Many thanks for such useful info and websites - just booked a nice hotel in Madrid via internet/email - after reading reviews on that hotel.  Thank heavens for having come across ASKABOUTMONEY - such a goldmine of knowledge, particularly as I, being profoundly deaf, can't use the telephone and therefore find using the Intenret and email a real boon.
Raz (delighted user and big fan of AAM)


----------



## sueellen (1 Sep 2004)

Hi Raz,

Welcome to _AAM_    Glad to hear the list was of some use.  Nice to get some feedback also.  Hope your trip/hotel in Madrid work out well  

You might find something useful here also  especially


----------



## Brendan Burgess (2 Sep 2004)

*Re: Hotel in Madrid*

Hi raz

Some of the moderators have been getting a lot of abuse in other forums for daring to edit or delete offensive posts. We get a bit weary of this abuse, so it's a real tonic to get such an enthusiastic message of thanks. We do our best (and sueellen does a great job in the Holidays/Travel/Hotels/Airlines forum) and deep down we know we are doing a great job, but it's nice to have it recognized. Thanks - you have cheered us up. 

Brendan


----------



## sueellen (27 Dec 2004)

*Some other posts*

*nbc
best website for hotel deals*

Hi there,
Can anyone suggest a website for late deals in Irish hotels etc(I am familar with laterooms.com). I am flexible where I go,dates etc(golf trip with bud). Hoping to hit Kerry area but would consider elsewhere if a good offer interested me. 
Any website I've seen wants you to put a county in and you could spend all day looking.
Thanks
nbc 

*Cahir
Registered User
Re: best website for hotel deals*

Try [broken link removed]
Haven't been on it for a while but I remember it was good. 

*Dearg Doom
Long time poster
Re: best website for hotel deals*

Try [broken link removed] 

*ClubMan
Administrator
Re: best website for hotel deals*

I know you're looking for a website but have you simply tried the small ads in the Indo and Irish Times for special offers in individual hotels? There are often some good offers advertised. 

*rainyday
Moderator
Re: best website for hotel deals*

Try www.pigsback.ie - registration required 

*billiethekid
Re:  Best website for hotel deals*

www.wotif.com/   is usually quite decent for up to 14 days in advance I think. 

*travel fan
Re: best website for hotel deals*

Try www.irelandhotels.com/
Up to date offers...just pick a county 

*nbc
thanks*

You're all very good.Much appreciated.
nbc 

*foxylady
hotels*

www.octopustravel.com/IntlHome.jsp is another good one. 

*Bargain Hunter
Cheap Deals*

The best bet is the back page of the Irish Times or second page of the Indo. Hotels only advertise here when their occupancy rates are low.

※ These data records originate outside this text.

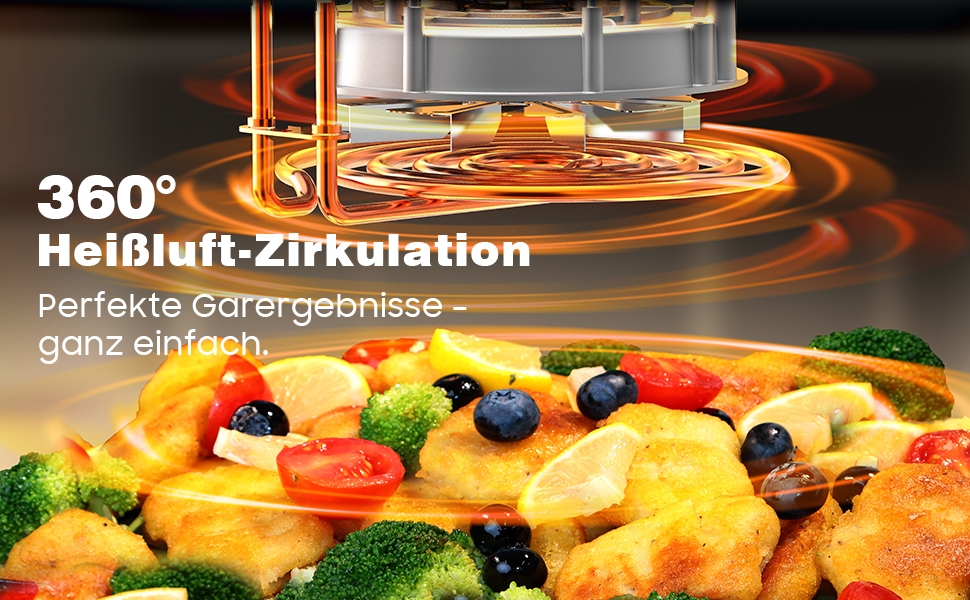 Аерофритюрниця XXL 9л Heißluftfritteuse - 2350W, 9 програм, LED дисплей, підтримання тепла, металевий внутрішній контейнер
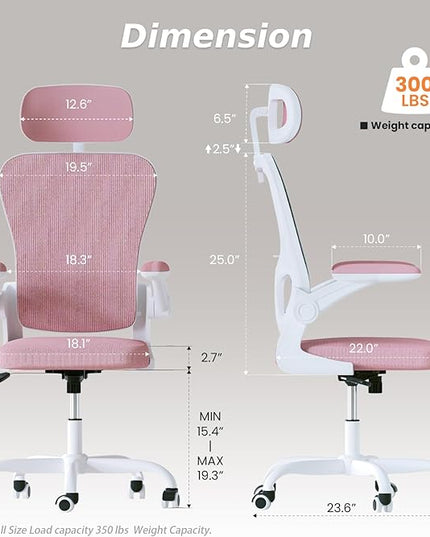 Ergonomic Office Chair, High Back Home Desk Chair with Adjustable Lumbar Support and Headrest, Breathable Mesh Swivel Task Chair, White Executive Computer Chair, 1 Pack - LeafyLoom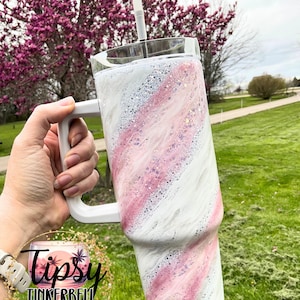 40 oz White and Pink Milkyway Glitter Tumbler, Free Personalization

My favourite is Gresham Hotels for a short break (I've no connection), in Galway, Limerick & Cork. Best is the Metroploe in Cork - right in the city centre, free parking, buffet breakfast till noon, evening meal and leisure centre - all for about EUR150 for three nights. Also if you become a regular you get on their direct mailing list before they go to the press and usually at preferential rates.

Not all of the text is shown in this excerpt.